>>
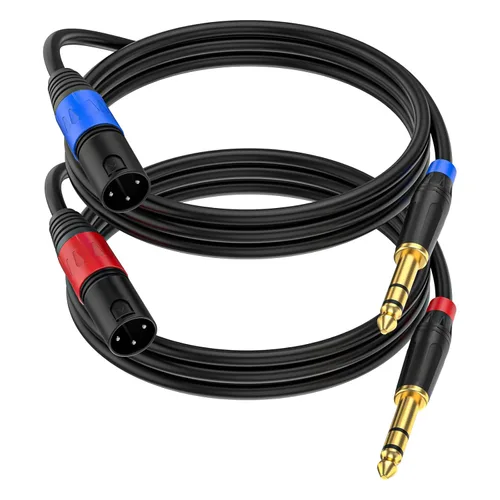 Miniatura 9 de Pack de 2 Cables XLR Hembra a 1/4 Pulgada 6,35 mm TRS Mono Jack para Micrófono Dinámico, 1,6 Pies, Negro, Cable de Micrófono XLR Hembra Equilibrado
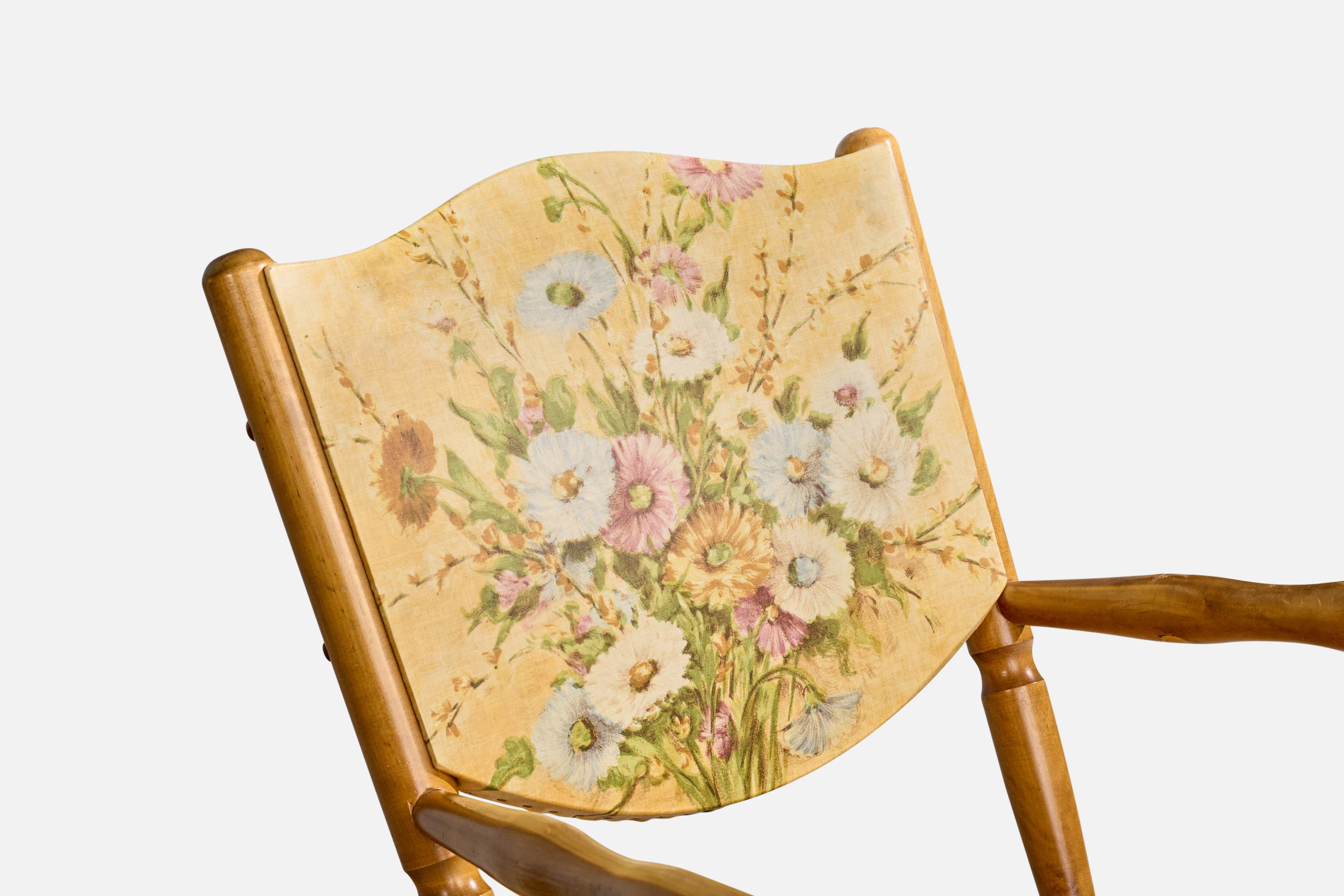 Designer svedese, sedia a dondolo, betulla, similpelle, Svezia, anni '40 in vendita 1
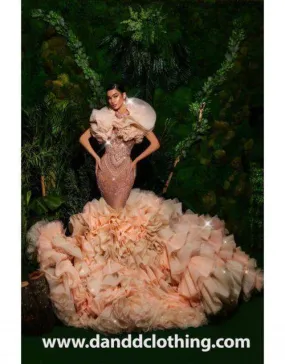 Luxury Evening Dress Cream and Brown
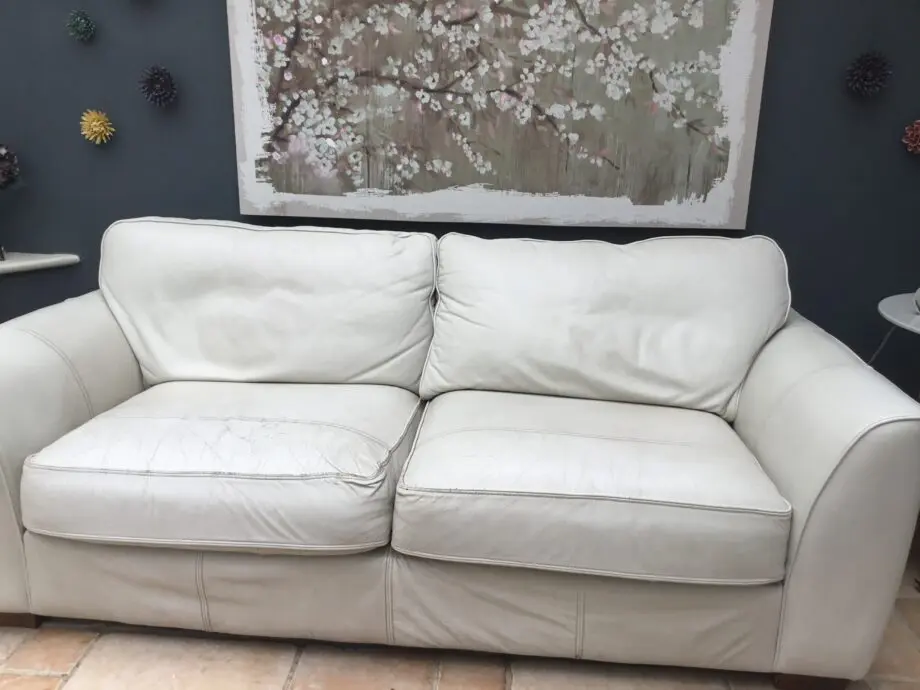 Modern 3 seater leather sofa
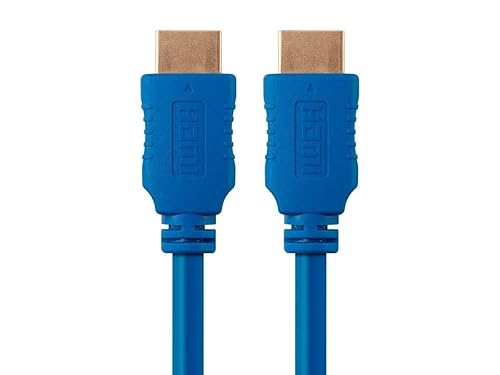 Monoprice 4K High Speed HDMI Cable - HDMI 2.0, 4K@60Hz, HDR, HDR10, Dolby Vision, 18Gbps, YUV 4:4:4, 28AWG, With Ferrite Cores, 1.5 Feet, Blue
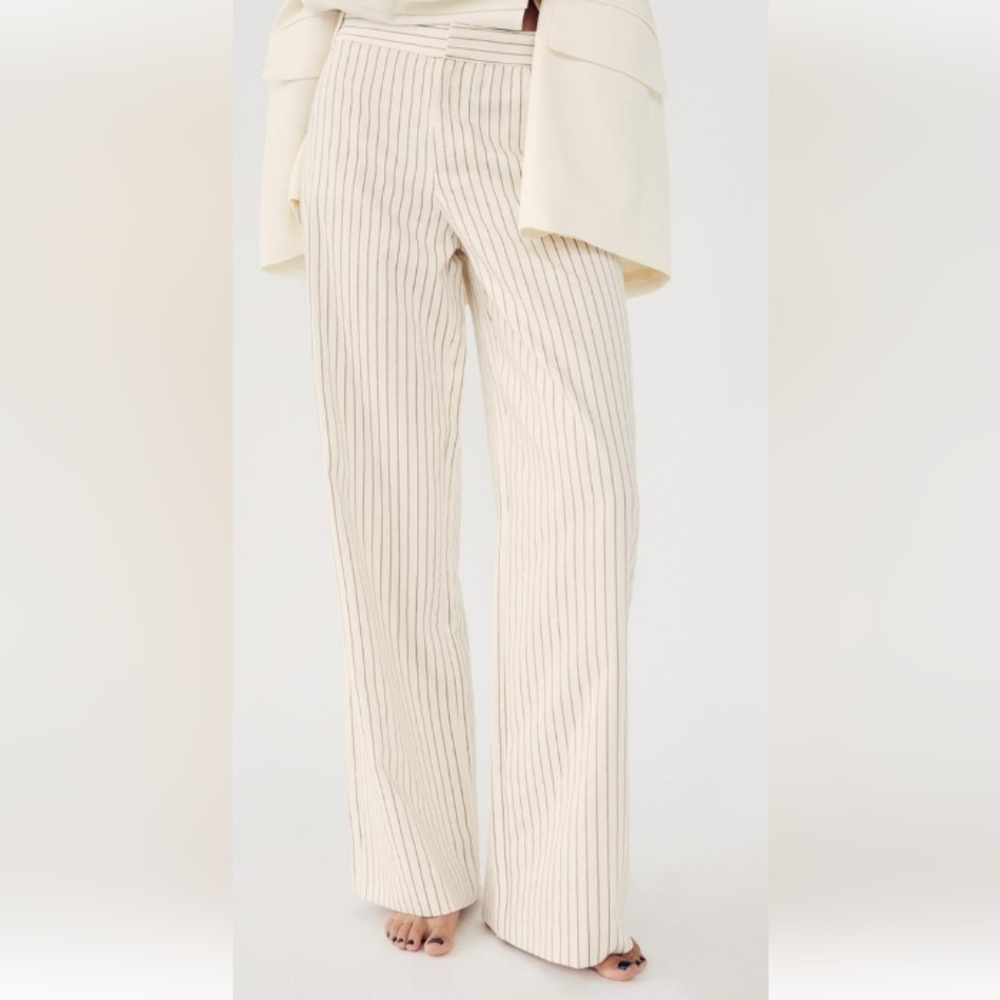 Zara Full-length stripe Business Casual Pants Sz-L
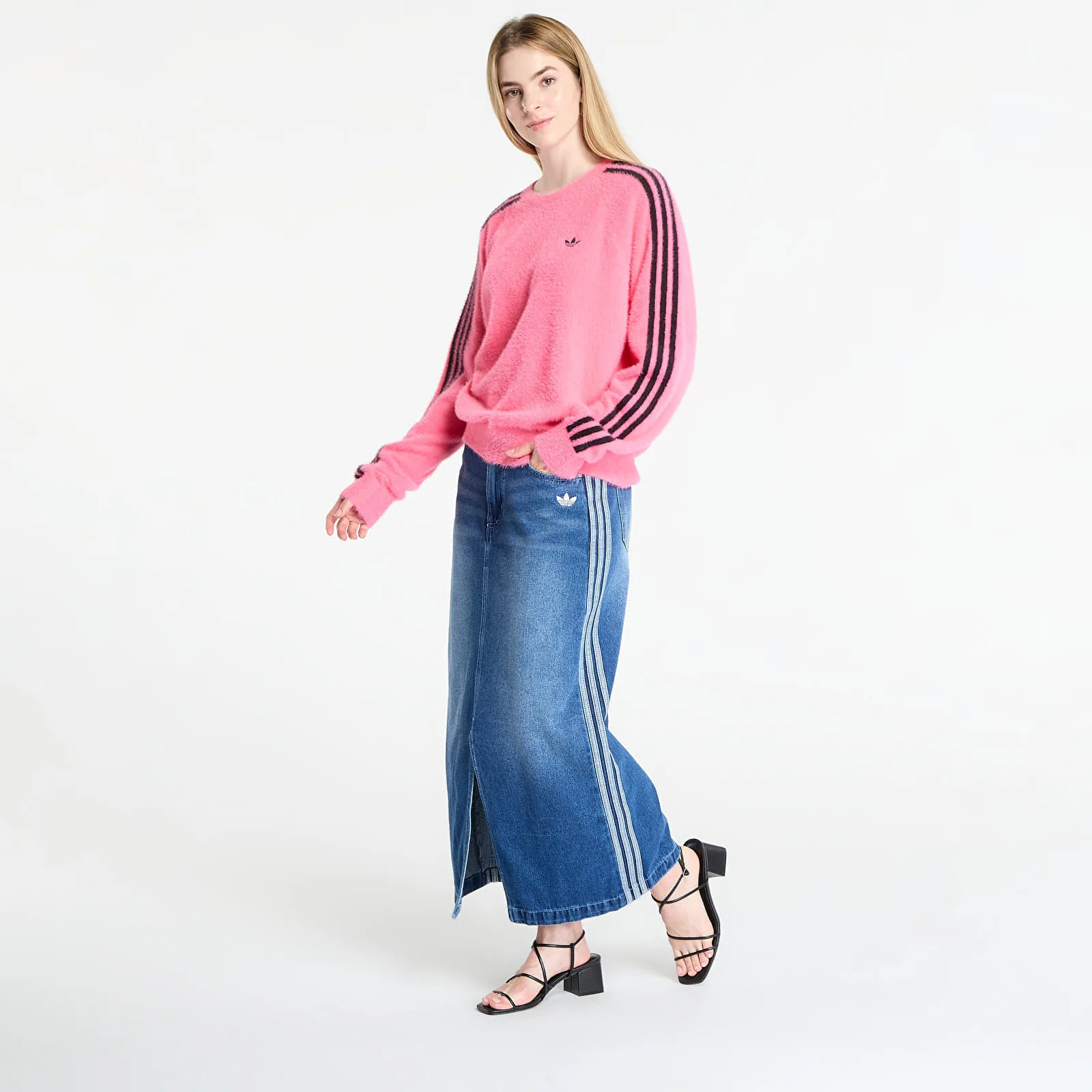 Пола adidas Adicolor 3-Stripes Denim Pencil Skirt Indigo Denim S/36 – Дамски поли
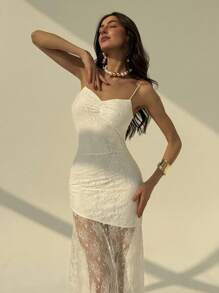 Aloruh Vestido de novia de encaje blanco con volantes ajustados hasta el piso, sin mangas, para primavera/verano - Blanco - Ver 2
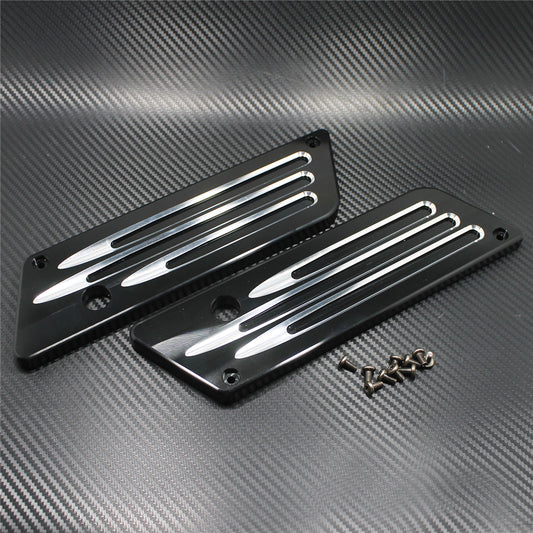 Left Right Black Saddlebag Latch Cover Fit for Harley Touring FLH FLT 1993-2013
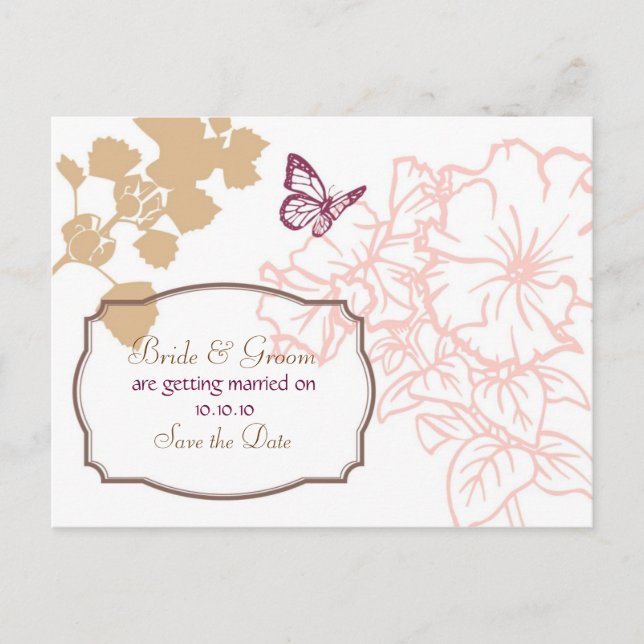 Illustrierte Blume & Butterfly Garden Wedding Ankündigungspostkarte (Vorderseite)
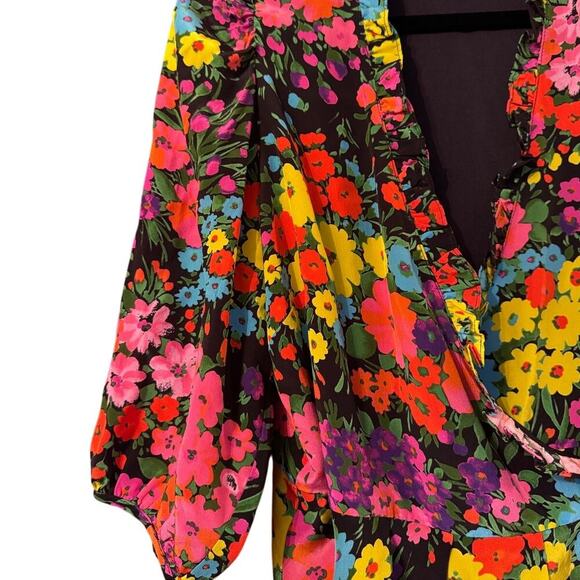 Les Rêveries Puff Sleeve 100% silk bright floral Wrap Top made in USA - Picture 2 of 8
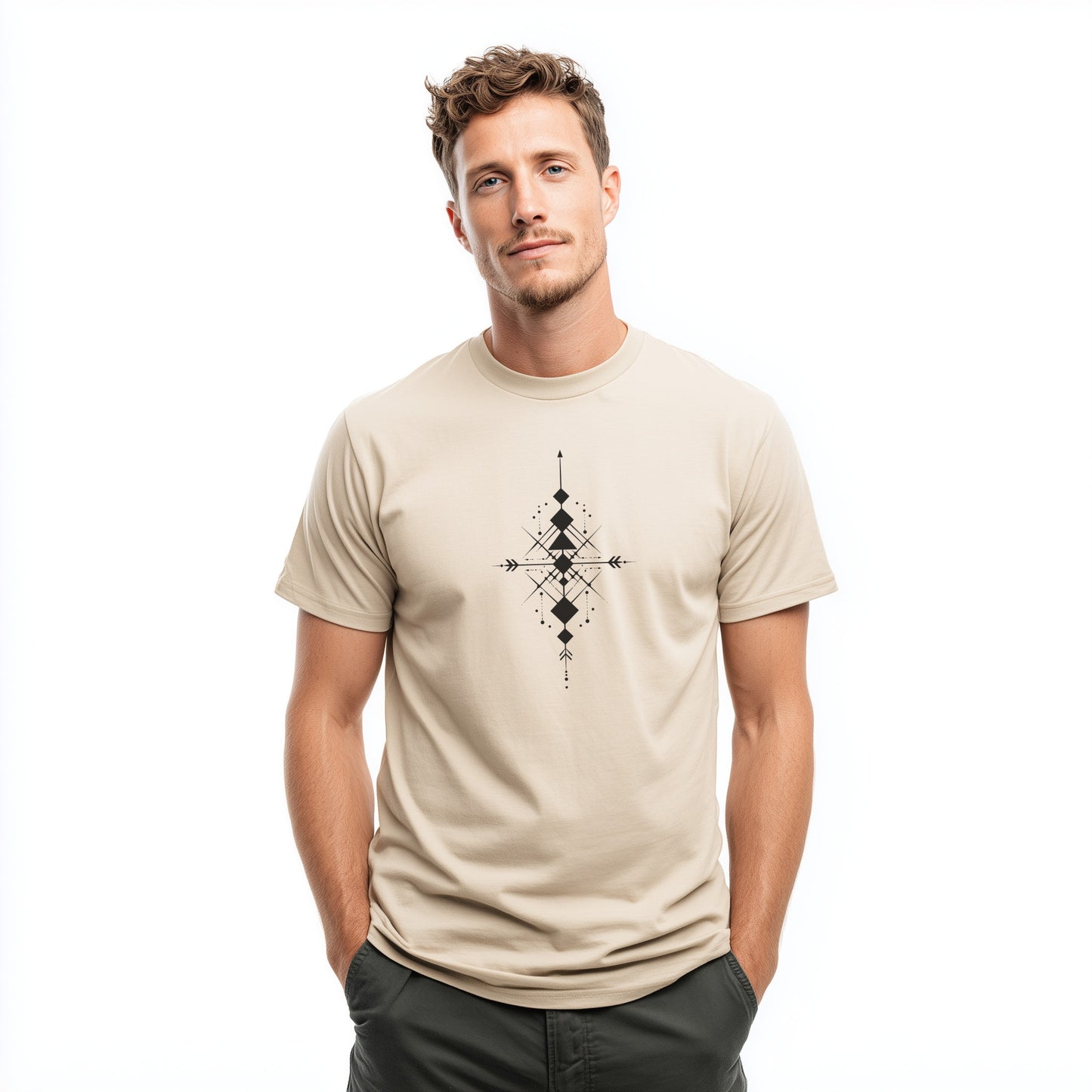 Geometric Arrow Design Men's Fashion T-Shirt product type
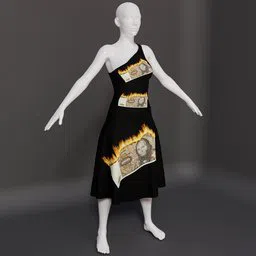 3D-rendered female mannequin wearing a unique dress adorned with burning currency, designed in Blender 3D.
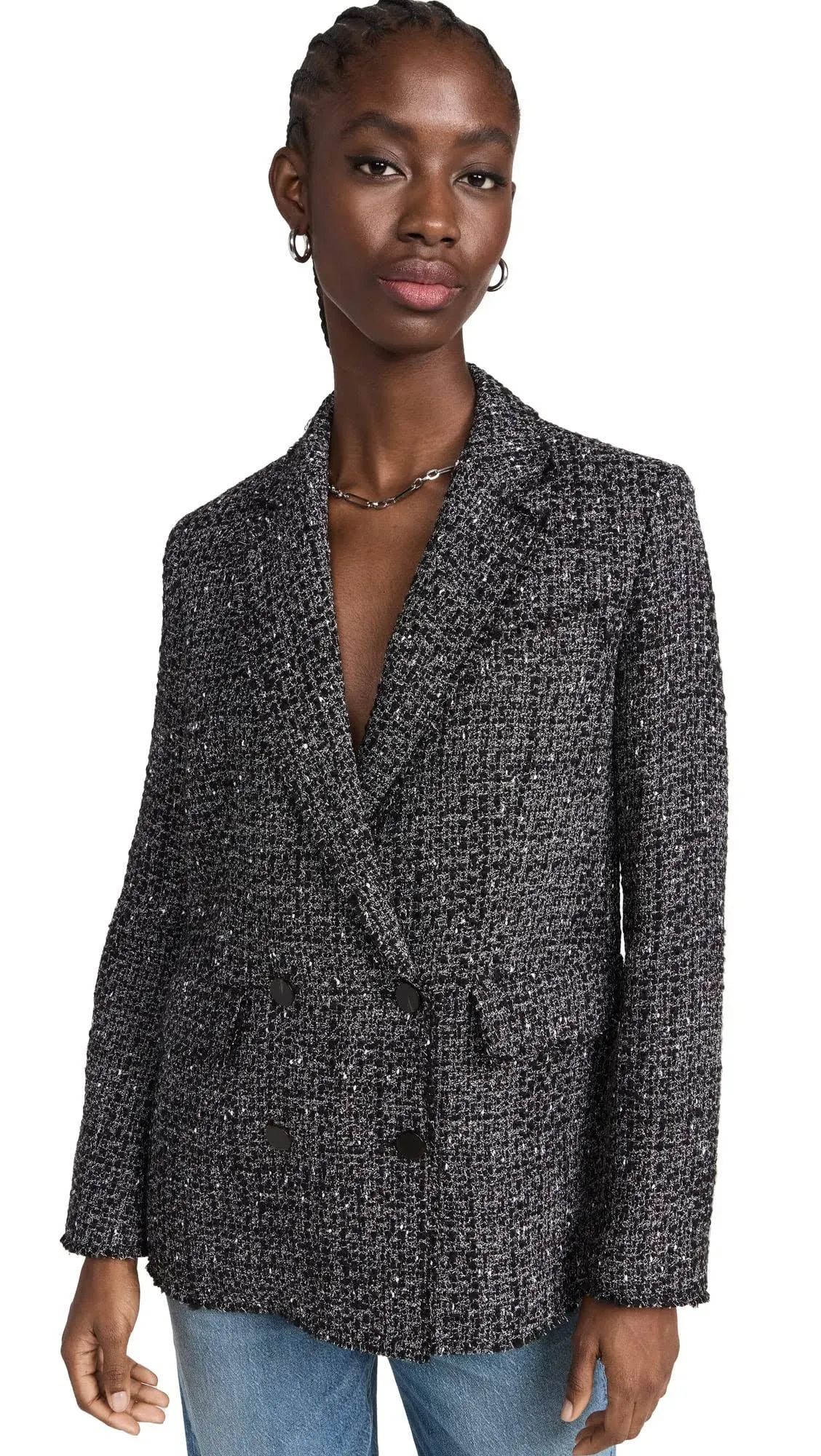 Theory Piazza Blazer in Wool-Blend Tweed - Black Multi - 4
<<
What is being asked — Your answer must be the exact lines from the records above, from the one containing "Monoprice 4K High" through the one containing "Пола adidas Adicolor", both included, with every picture left out.

Answer section —
 Monoprice 4K High Speed HDMI Cable - HDMI 2.0, 4K@60Hz, HDR, HDR10, Dolby Vision, 18Gbps, YUV 4:4:4, 28AWG, With Ferrite Cores, 1.5 Feet, Blue
 Zara Full-length stripe Business Casual Pants Sz-L
 Пола adidas Adicolor 3-Stripes Denim Pencil Skirt Indigo Denim S/36 – Дамски поли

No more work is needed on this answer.